== Entries shown ==

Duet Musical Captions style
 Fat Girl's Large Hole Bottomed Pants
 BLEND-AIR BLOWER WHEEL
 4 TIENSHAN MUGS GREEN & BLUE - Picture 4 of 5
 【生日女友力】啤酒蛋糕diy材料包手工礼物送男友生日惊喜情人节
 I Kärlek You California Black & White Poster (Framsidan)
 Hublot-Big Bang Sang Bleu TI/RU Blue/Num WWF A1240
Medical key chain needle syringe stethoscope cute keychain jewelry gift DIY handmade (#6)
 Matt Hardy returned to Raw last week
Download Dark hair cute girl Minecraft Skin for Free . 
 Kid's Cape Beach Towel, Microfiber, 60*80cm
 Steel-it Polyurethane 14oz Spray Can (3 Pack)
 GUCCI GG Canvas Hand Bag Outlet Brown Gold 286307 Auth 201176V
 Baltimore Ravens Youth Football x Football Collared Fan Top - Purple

===

● **Assignment**
The lines from the one containing "Steel-it Polyurethane 14oz" through the last line of the records are the answer; set them down exactly and add nothing.

● **Exercise result**
 Steel-it Polyurethane 14oz Spray Can (3 Pack)
 GUCCI GG Canvas Hand Bag Outlet Brown Gold 286307 Auth 201176V
 Baltimore Ravens Youth Football x Football Collared Fan Top - Purple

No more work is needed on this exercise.